O contrário pode existir, mas não existe público de cinema alternativo que não adore música. Por isso o IndieMusic é uma boa ideia. O festival decorre entre 26 de abril e 6 de maio e os filmes do IndieMusic são exibidos no cinema São Jorge e na Culturgest.

O C7nema fez um inventário da programação – e uma divisão temática em três partes – meramente ilustrativa e tão artificial quanto qualquer separação. De denominador comum encontrou isto: música é ousadia, desafio, esticar os limites. Ou, pelo menos, aquela que possa, de alguma forma, ser associada ao espírito indie. E é também empreender: a rebelião não pode esperar pelas estruturas estabelecidas.

Assim, não é à toa que o punk está um pouco por todo o lado – seja em testemunho direto (Here to Be Heard: The Story of The Slits) ou dos seus herdeiros (o rock escocês de Teenages Superstars, as L7 em Pretend We’re Dead, os loucos empreendimentos de Stuart Sweezey em Desolation Center).

Betty, They Saying I’m Different

Mais mulheres fortes estão no universo do “funk” em Betty, They Saying I’m Different, sobre a rainha do funk Betty Davis, e na música eletrónica em M.I.A., Maya, Matangi que, por seu lado, dispensará maiores apresentações.

De origem negra tem a música pela qual os   portugueses travaram duras batalhas para verem aceites aquilo que adoravam: hip hop, grafite, breakdance. Dois filmes contam essa história – Não se Pode Criar o Mundo Duas Vezes e Hip to da Hop, aos quais, por afinidade temática, pode se incluir French Waves – ou a grande luta das raves contra a repressão em território francófono.

Outros andamentos: do universo da música erudita vem o belo Ryuichi Sakamoto: Coda, dos primórdios do jazz fusion Milford Graves: Full Mantis e da longínqua, culturalmente falando, Etiópia, vem Ethiopiques.

 

PUNK, ROCK, REBELIÃO: FAÇA VOCÊ MESMO – PARTE 1

 

HERE TO BE HEARD: THE STORY OF THE SLITS (William E. Badgley)

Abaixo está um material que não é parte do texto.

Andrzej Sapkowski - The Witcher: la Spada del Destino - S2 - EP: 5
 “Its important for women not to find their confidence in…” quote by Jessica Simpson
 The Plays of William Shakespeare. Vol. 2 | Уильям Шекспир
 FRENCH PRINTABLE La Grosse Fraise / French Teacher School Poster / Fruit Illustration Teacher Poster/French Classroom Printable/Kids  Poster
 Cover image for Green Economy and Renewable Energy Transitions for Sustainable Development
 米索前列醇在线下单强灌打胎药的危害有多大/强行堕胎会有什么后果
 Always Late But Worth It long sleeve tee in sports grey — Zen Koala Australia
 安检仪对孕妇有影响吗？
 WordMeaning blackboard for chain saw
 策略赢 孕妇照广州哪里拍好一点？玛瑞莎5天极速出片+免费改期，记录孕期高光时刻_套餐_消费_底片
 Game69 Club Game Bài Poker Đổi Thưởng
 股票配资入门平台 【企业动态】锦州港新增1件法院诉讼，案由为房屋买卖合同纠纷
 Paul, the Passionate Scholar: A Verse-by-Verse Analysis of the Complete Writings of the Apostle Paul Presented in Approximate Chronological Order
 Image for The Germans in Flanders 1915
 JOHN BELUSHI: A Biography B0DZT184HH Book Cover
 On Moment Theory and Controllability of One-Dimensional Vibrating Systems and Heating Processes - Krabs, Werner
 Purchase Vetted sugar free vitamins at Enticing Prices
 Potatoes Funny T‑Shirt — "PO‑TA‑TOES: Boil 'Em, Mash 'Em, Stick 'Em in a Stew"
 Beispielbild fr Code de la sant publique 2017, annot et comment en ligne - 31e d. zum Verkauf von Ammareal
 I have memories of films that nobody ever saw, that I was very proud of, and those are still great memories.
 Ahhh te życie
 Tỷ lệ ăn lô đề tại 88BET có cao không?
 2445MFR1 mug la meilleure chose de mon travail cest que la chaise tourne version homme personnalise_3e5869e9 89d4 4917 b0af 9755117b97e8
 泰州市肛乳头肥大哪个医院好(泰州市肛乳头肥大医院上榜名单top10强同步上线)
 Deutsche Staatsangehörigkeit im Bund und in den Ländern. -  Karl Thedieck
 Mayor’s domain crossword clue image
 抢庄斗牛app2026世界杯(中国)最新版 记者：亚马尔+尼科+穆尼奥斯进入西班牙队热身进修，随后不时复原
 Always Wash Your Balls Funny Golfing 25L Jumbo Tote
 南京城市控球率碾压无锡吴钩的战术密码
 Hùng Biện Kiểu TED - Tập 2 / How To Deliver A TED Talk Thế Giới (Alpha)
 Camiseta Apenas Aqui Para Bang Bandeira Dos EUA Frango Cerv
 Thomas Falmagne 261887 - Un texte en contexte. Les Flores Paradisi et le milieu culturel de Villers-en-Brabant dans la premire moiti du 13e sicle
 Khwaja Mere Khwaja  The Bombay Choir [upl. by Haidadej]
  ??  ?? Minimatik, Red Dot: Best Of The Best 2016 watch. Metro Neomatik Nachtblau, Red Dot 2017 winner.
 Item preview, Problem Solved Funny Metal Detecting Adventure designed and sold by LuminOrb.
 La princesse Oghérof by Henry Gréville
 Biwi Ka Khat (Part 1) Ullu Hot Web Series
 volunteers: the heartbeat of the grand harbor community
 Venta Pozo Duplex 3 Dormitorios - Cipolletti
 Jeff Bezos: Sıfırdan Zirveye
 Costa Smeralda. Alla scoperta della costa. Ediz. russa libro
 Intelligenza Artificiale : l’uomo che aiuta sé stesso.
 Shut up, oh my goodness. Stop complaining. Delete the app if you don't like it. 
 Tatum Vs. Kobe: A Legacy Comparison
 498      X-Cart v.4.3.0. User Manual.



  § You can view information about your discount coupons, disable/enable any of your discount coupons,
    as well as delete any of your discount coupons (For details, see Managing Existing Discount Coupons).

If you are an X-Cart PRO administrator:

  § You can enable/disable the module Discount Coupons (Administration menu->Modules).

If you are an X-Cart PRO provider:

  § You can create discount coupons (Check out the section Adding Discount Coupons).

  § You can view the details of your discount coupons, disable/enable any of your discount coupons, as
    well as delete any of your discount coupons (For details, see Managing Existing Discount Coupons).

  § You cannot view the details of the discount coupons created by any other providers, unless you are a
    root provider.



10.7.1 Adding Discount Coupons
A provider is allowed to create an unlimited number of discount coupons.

Tipicamente essa banda de ladies enfurecidas consta frequentemente na historiografia do punk como a banda de abertura de The Clash e Sex Pistols. O machismo não lhes foi de todo desconhecido – antes pelo contrário: quando a arrasadora onda iconoclasta varreu as ilhas britânicas e mudou o mundo da música para sempre, isso não significou que as mulheres estavam convidadas para a festa. O filme narra como as Slits derrubaram a porta a pontapés.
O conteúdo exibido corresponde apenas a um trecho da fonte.